HANSON: Symphony No. 1 “Nordic”; Lament for Beowulf – Seattle Sym. and Chorale/ Gerard Schwarz – Naxos

by | Dec 8, 2011 | Classical Reissue Reviews

HANSON: Symphony No. 1 in E Minor “Nordic”; The Lament for Beowulf – Seattle Symphony and Chorale/ Gerard Schwarz – Naxos 8.559700, 48:34 ****:
Howard Hanson (1896-1981) remained a self-proclaimed “romantic” in temperament, and the Finn Sibelius served as his guiding light, given Hanson‘s Swedish ancestry. The so-called “Nordic” Symphony (1922), composed in Rome under the guidance of Ottorino Respighi, despite its close proximity in time to WW I, takes its cue from the First Symphony of Sibelius, also in E Minor, and shares with it a strong urgency and sense of melancholy. Hanson utilized the cyclic form in his symphony he knew from Liszt, Franck, and Saint-Saens, especially the intimations of heroism that the latter’s “Organ” Symphony posits.
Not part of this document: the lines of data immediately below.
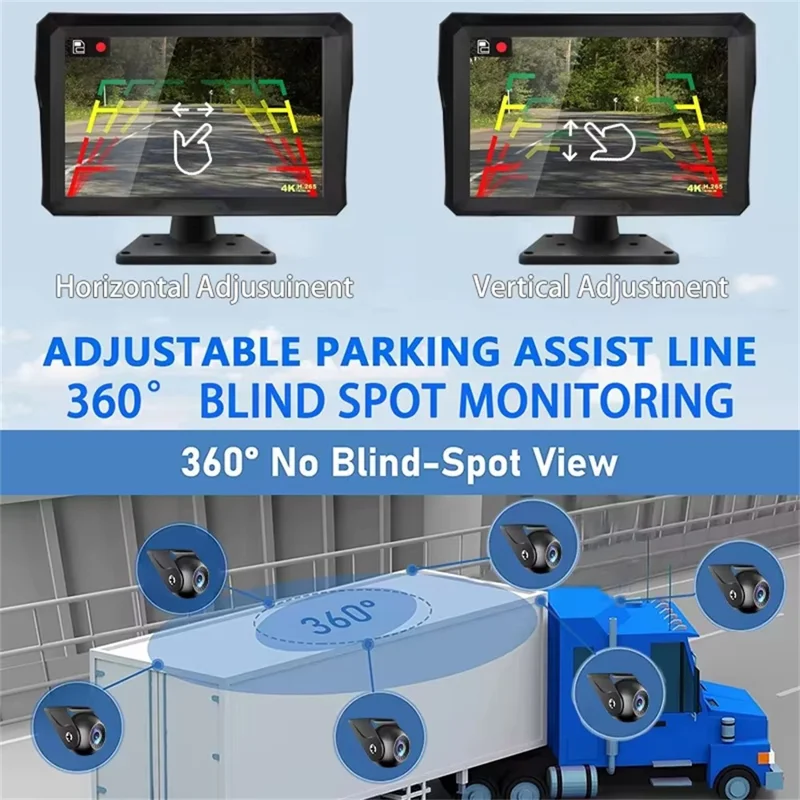 T60PRO Sistema DVR di Navigazione con Schermo da 10,1 Pollici, 6 Canali di Monitoraggio, Visione Notturna e Telecamera per Retromarcia con Fotocamera F10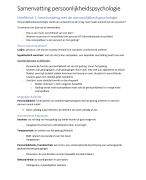 Samenvatting vak Persoonlijkheidspsychologie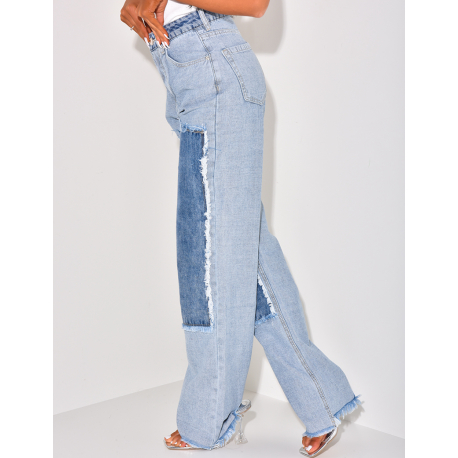 Washed straight-leg jeans with contrasting inserts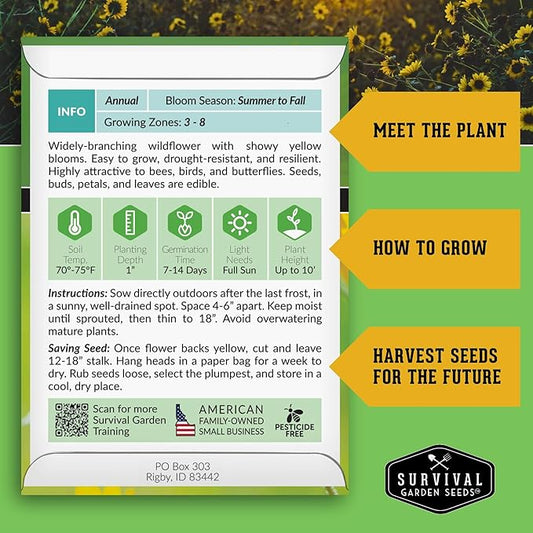 Survival Garden Seeds - Common Sunflower (Helianthus annuus) Seeds for Planting | Giant Bird & Pollinator Magnet | Fast-Growing Native Wildflower - 1 Pack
Schwarz elicits some mighty resonance from his Seattle players (rec. 10 September 1988-16, 18 February 1990 for Delos), fusing Hanson’s natural lyricism with its occasional, dark turbulence. The Seattle winds and brass collaborate rather intimately for the second movement, marked Andante teneramente, con semplicita.  A bucolic fiord or Northern forest scene emerges, luxuriant and free from strife. The last movement sweeps us along with an energy Hanson might have gleaned from both Sibelius and Respighi’s more pompous symphonic poems. The Seattle battery section, along with blazing trumpets and swirling high woodwinds, offers a cyclone, Allegro con fuoco, that challenges the North Wind. A martial theme heavy with tympani invokes a touch of Mahler’s Nachtmusik I from his E Minor Symphony or the Op. 59 Funeral March of Sibelius. The last pages achieve the kind of sunny contrapuntal peroration we know from Sibelius, high-flown and distant as an Alpine height.
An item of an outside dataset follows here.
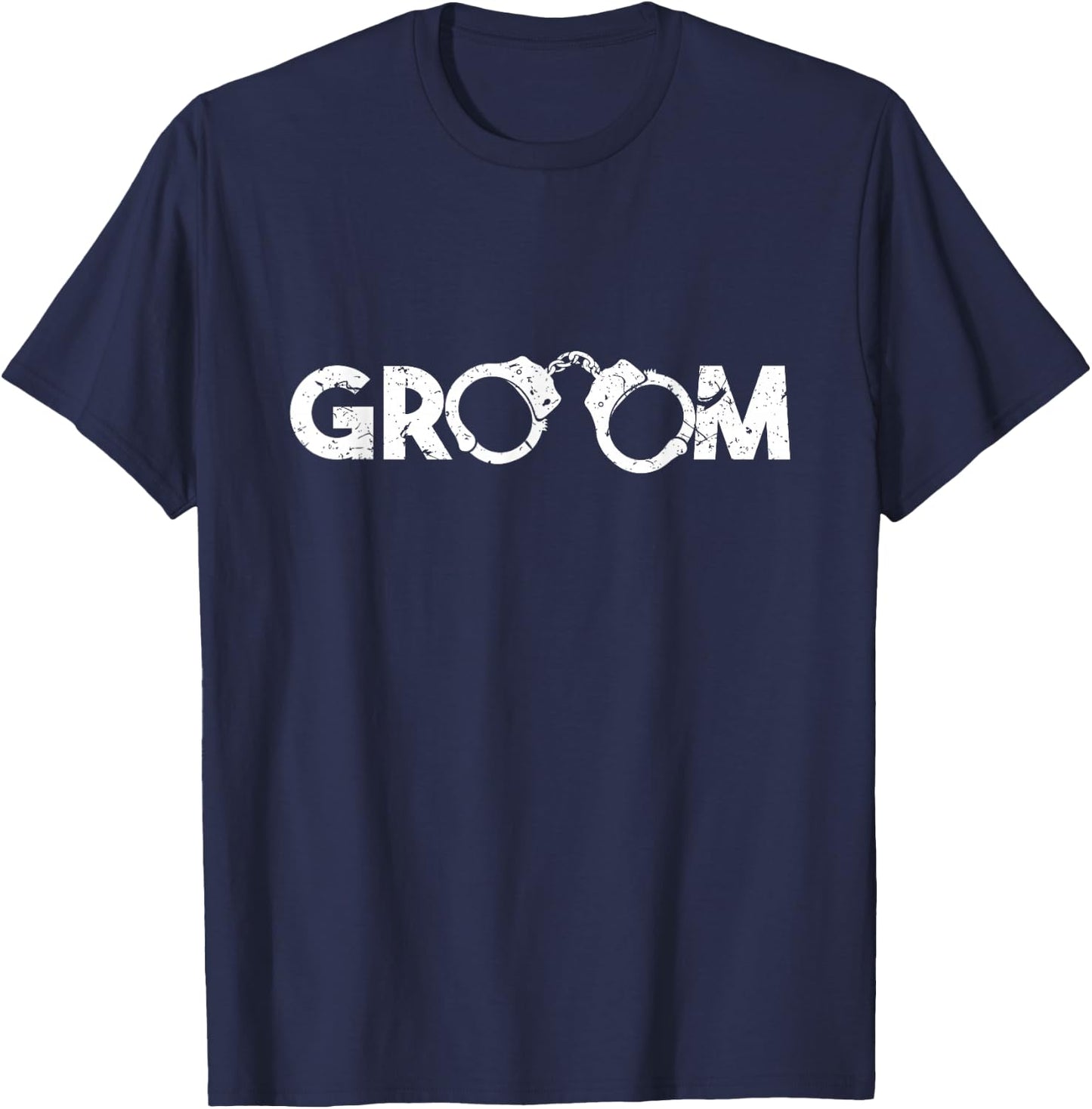 Funny Groom Handcuffs Wedding T-Shirt - T-Shirt | Navy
The 1925 Lament for Beowulf derives from a trip Hanson made to England, where he encountered a happy translation by William Morris and A.J. Wyatt  of the epic Beowulf (c. 700 A.D.). The Scottish hills helped provide the ambiance Hanson required to impart the “austerity and stoicism” the text required of music. The burial picture Hanson creates gives us a Geatan burial mound by the sea with a great funeral pyre. The general lament recounts the hero’s battles and victories, and the great gap his death leaves, “their liegelord’s quelling.” Recollections of  Beowulf’s prowess find the music in full sympathy, heraldic, heroic, emblazoned. The Seattle Chorale sopranos, particularly, convey the (modal) sense of loss with a special mystical fervor. Intimate, elegiac, and portentous at once, the score as recorded by Schwarz and his Seattle forces makes a lasting and potent impression.